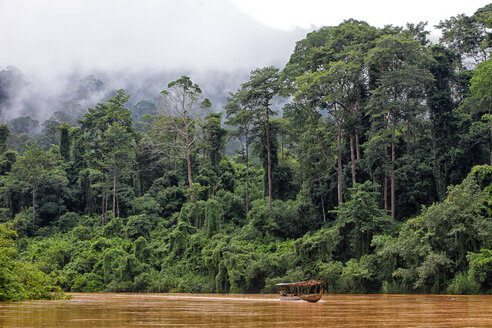 Malaysia, Pahang, Taman-Negara-Nationalpark, Dschungel bei Sungai Tembeling - DSGF000294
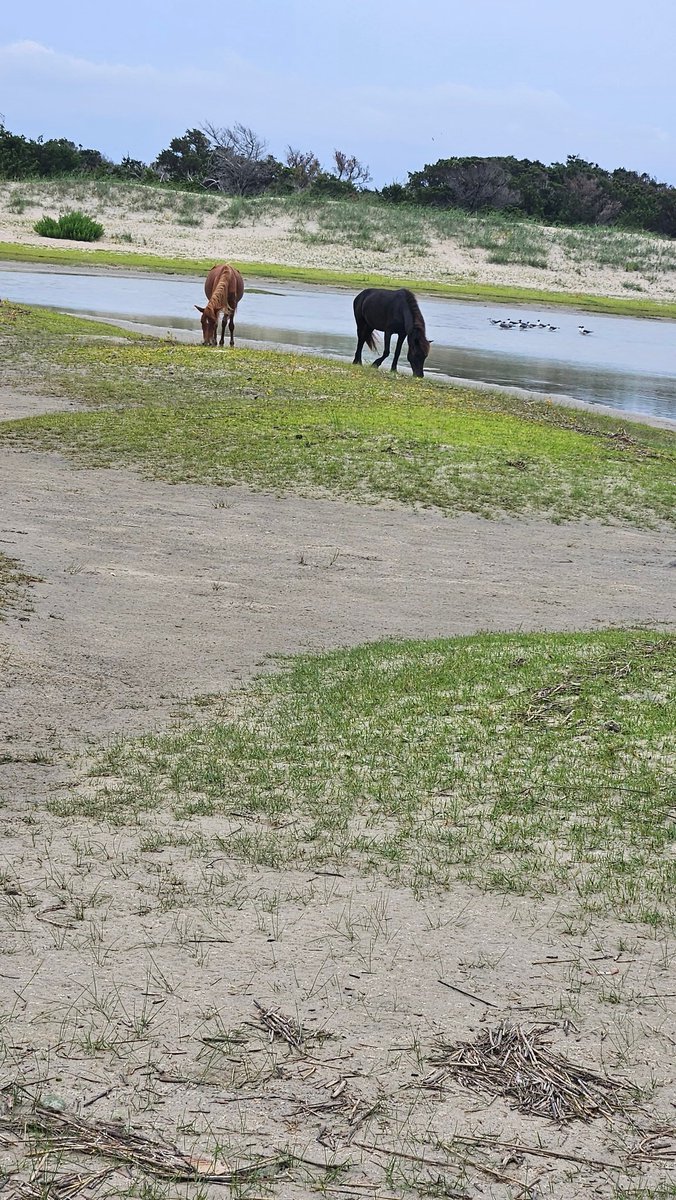 LizardLoveShack's tweet photo. Horse https://t.co/i9NZoCuZwk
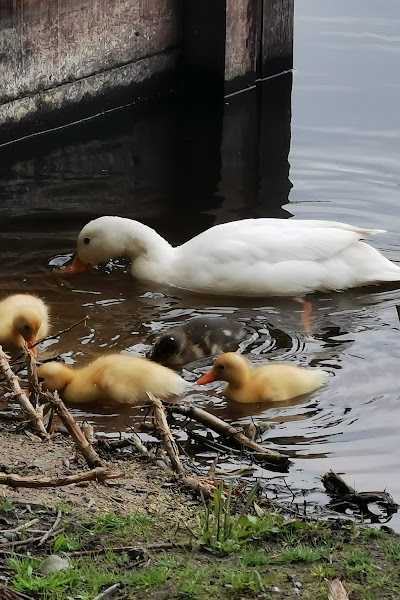 Koningklijke Erkende Veghelse Hengelsport Vereniging foto 5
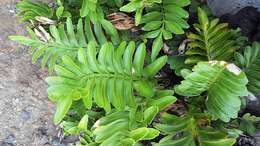 Image of Asplenium obtusatum Forst.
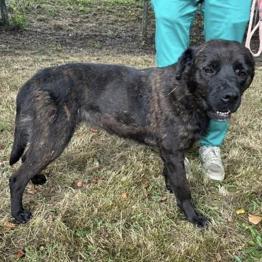 RIA IŠČE DOM-Od leta 2024 v zavetišču-reši jo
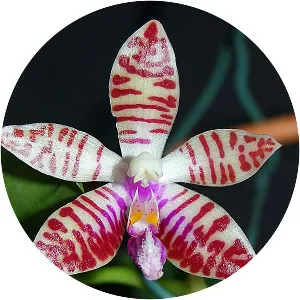 Red Moon orchid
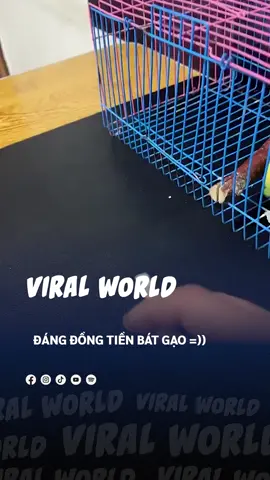 Nuôi pet nó phải như này =)) #beatoflife #bnetwork #Onhaxemtin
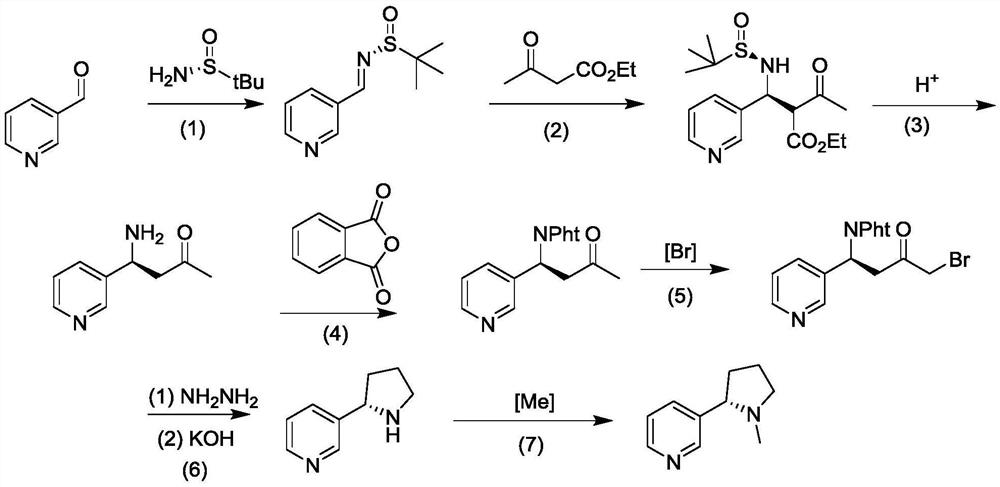 Method for asymmetrically synthesizing (S)-nicotine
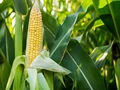 Crop Diversification: PAU Experts Recommend Growing Baby Corn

# # #

## EXERCISE OBJECTIVE
From the line containing "Image of Asplenium obtusatum Forst." to the last line of the listing above, transcribe each line exactly, skipping the pictures.

## YOUR SOLUTION
 Image of Asplenium obtusatum Forst.
 RIA IŠČE DOM-Od leta 2024 v zavetišču-reši jo
 Red Moon orchid
 Nuôi pet nó phải như này =)) #beatoflife #bnetwork #Onhaxemtin
 Method for asymmetrically synthesizing (S)-nicotine
 Crop Diversification: PAU Experts Recommend Growing Baby Corn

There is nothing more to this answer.